Solo un forte recupero di efficienza può contenere l’impatto del taglio della spesa degli investimenti (-2% per il 2011 e -1,6% nel 2012) sulla crescita, spiega. Il ritardo delle infrastrutture che sconta l’Italia peraltro, sottolinea Draghi, non è riconducibile «solo a una carenza di spesa» ma deriva da una serie di fattori e dalla qualità della programmazione. «La necessità del consolidamento dei conti pubblici – rimarca Draghi – impone scelte fondate su un vincolo di bilancio pluriennale e su una sistematica comparazione dei costi e dei benefici di progetti alternativi».
Per questo, secondo Draghi, «non c’è altra soluzione che innalzare l’efficienza della spesa, migliorando le procedure che la governano». Uno dei punti critici è quello dell’avvio simultaneo «del maggior numero possibile di opere con conseguenze negative sulla capacità di portarle a termine entro i tempi stabiliti». Peraltro l’impatto della spesa sulla crescita dell’economia dipende «dall’efficienza con cui le risorse sono impiegate e dal successivo utilizzo delle opere» e non solo dalla dotazione del capitale pubblico.

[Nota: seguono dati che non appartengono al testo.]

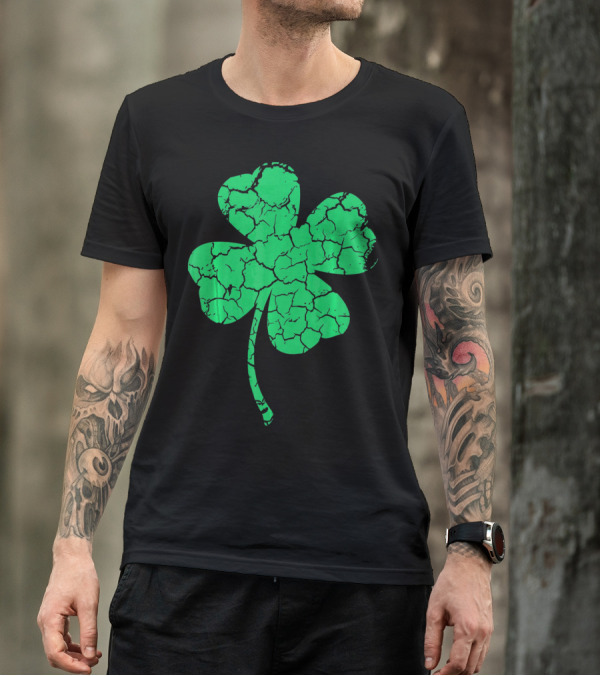Distressed Four Leaf Clover Lucky T-Shirt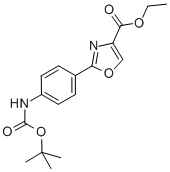 Ethyl 2-(4-(tert-butoxycarbonylamino)phenyl)oxazole-4-carboxylateStructure,886363-48-0Structure Ethyl 2-(4-(tert-butoxycarbonylamino)phenyl)oxazole-4-carboxylate Structure,886363-48-0Structure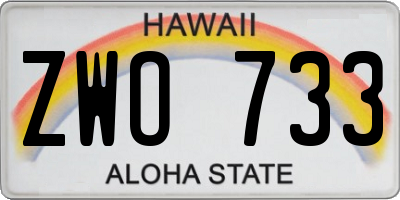 HI license plate ZWO733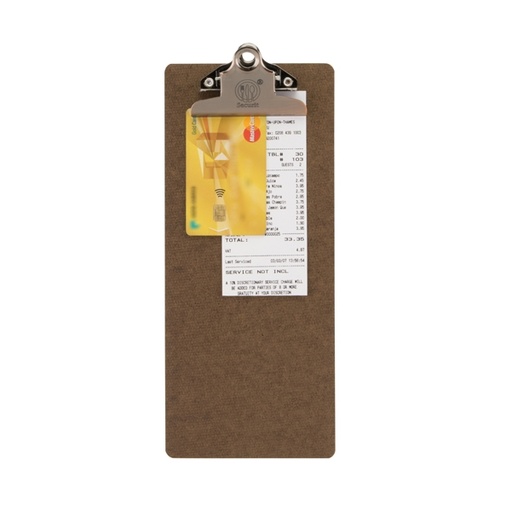 [D86929] Porta Conto Clip in legno 27,7x11,4cm Securit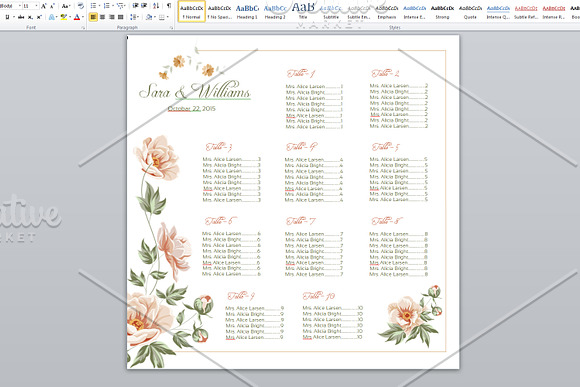 Wedding Seating Chart Template in Stationery Templates - product preview 1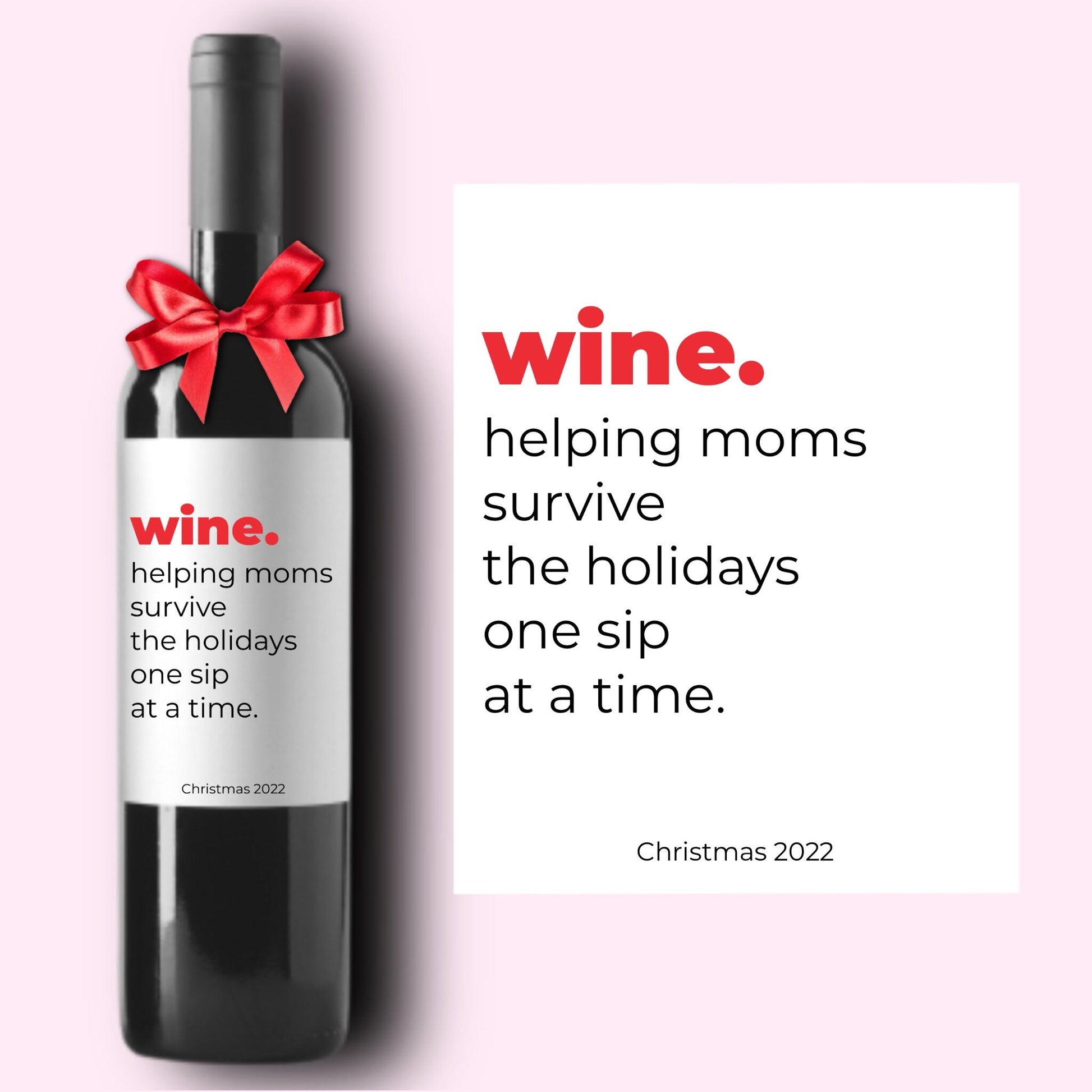 Funny Holiday Christmas Wine Label * Custom Wine Labels * Wine Mom Gift * Liquor Label * Hostess Gift * Holiday Party * Hanukkah Dinner *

Il governatore sottolinea poi come nel settore dei trasporti per, poter conseguire «significativi guadagni di produttività» occorra «un’accelerazione nelle politiche di liberalizzazione e per la concorrenza». Un invito che si traduce nella necessità di «favorire e gestire i processi di apertura dei mercati ai nuovi entranti».
Altro punto dolente è poi quello degli appalti: un sistema che «nonostante le numerose riforme degli ultimi anni», «risulta ancora caratterizzato da un’elevata frammentazione» e le cui procedure «espongono le amministrazioni a rischi collusione e corruzione». Un contesto che, rileva Draghi, allontana gli investimenti privati. «I contratti di partneriariato pubblico-privato dal 1990 al 2009 hanno contribuito solo per il 3% alla spesa totale in opere pubbliche contro il 4-5% in Germania e Francia e il 12% in Spagna».